The witness responded in the positive.

“Is it also correct to say that you have no background in Information Technology (IT)?”

“I know how to operate a computer,” answered the witness.

“What professional qualifications do you have in IT?”

“I don’t have any professional qualification in IT, but I can operate it.”

“At the NIA, do you have an IT Department?”

“I don’t know about that.”

“Have a look at exhibit B2 and B2A, you told the court that you printed both exhibits?”


“Where was exhibit B2 printed from?”

“From the phones of the two ladies.”

“What about exhibit B2A?”

“This one is from Zainab Koneh’s phone.”

Asked about the phones of Fatou Drammeh and Zainab Koneh, the witness told the court that he believes they are in the custody of the court.

He further told the court that they only printed the messages from the phones, and returned them back to the duo.

Further asked how he printed exhibit B and B2A, the witness adduced that both phones are Android and their cables were plugged into the computer, downloaded and printed out.

Asked to explain in detail the procedures he used to download and printed exhibit B and B2A, the NIA operative maintained his earlier answer.

“You will agree with me that both exhibits are contained in a special application called ‘WhatsApp’?”

The witness responded in the positive.

“I’m putting it to you that technologically it is impossible to simply put the cable on the computer, download it and print it out?”

“That’s your opinion.”

“You will agree with me that apart from the messages contained in exhibit B and B2A, there were other messages exchanged by the accused and the two ladies via WhatsApp?”

The witness responded in the positive.

“Why was it not downloaded and printed as part of your investigations?”

The witness maintained that he only saw exhibit B and B2A.

“PW2 admitted before this court, and in her statement at the NIA, that she used to chat with the accused person via ‘WhatsApp’ in two accounts?” said counsel.

“That’s her own statement.”

“I put it to you that you are not a witness of truth?”

“I am a very truthful person, and I swore to an oath.”

“Is it correct that Fatou Drammeh (PW2) opened two WhatsApp accounts for the accused person, where messages were exchanged between them?”

“It is possible, but as far as I am concerned I saw only these two exhibits,” responded the NIA operative.

“As an investigative officer, did you verify the fact that these pictures came from Facebook from Fatou Camara’s wall, as stated by the accused in his statement?”

“I verified it, but I don’t know whether the source is Fatou Camara.”

“Ms Camara posted the said pictures in her Facebook wall; you said you verified it.

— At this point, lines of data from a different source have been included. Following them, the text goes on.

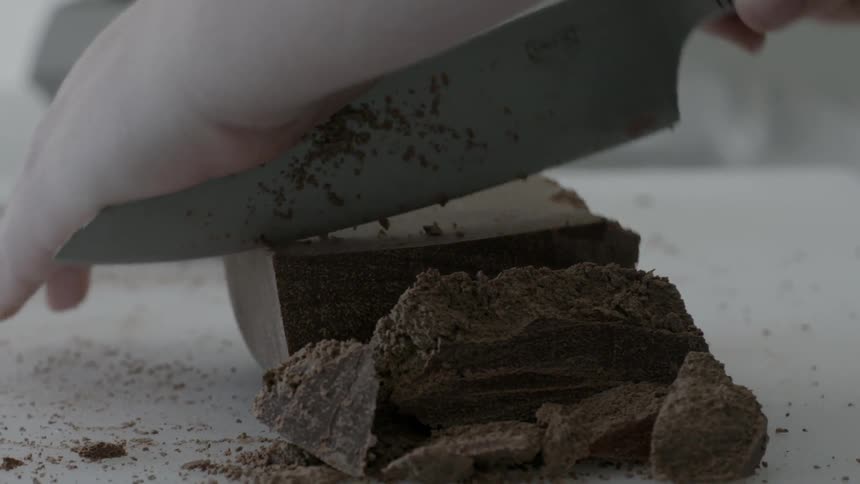 A person is chopping up a block of chocolate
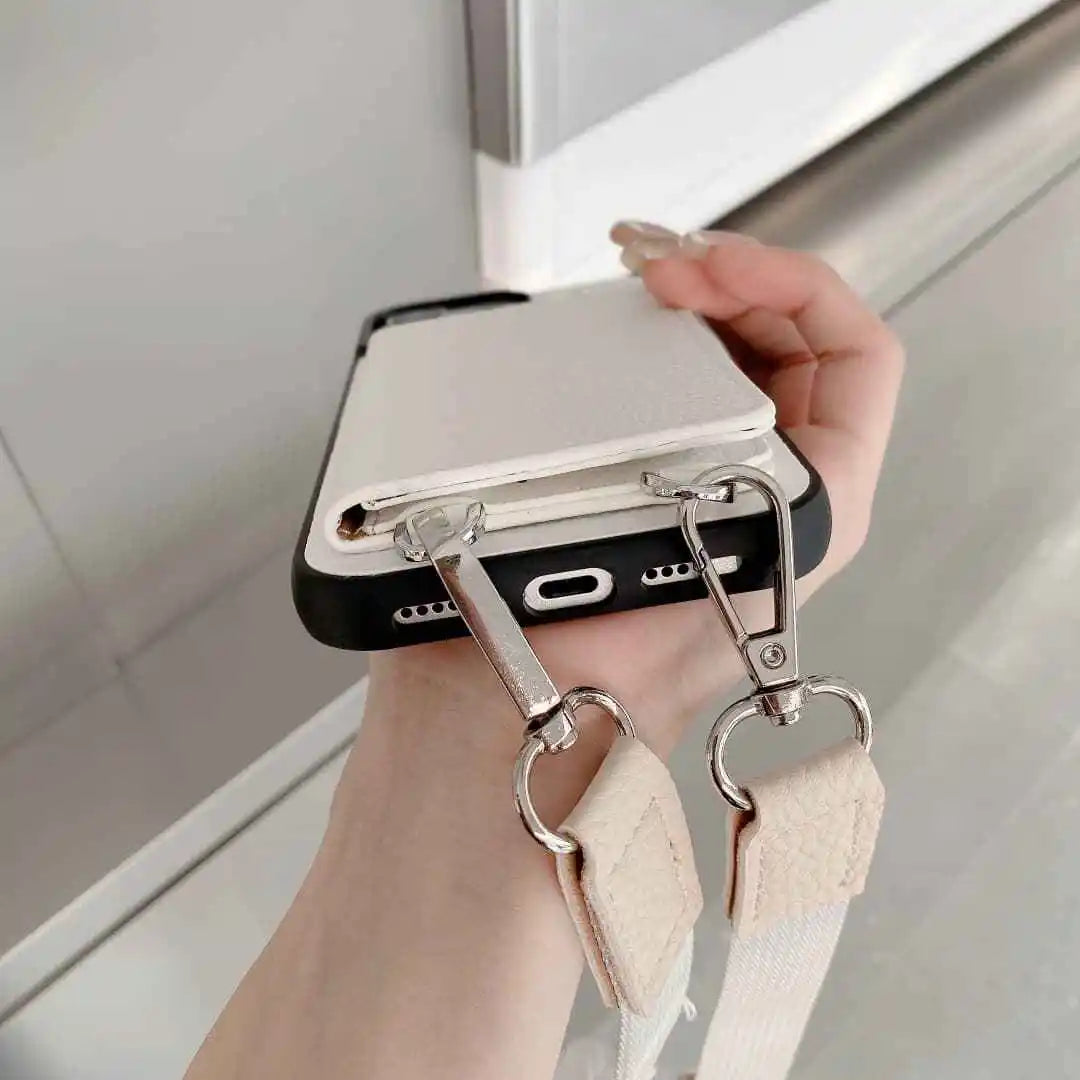 Phone case with a strap held by a hand in front of a mirror.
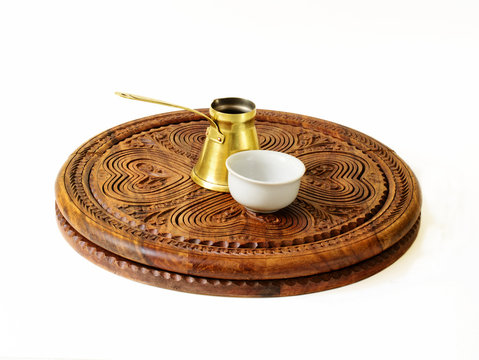 Ibrik (Turkish coffee pot) and a fildzan (Turkish coffee cup) on a beautiful carved wooden salver.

I am putting it to you that she has over 28 thousand followers?”

“The investigators do not care whether she has a million followers; all we’re concerned about was that the pictures were sent to Zainab and she felt threatened.”

“Mr Ceesay, that information you admitted that you verified was public knowledge at the time of your verification?”

“I don’t know.”

At that juncture, the case was adjourned for the hearing to continue today.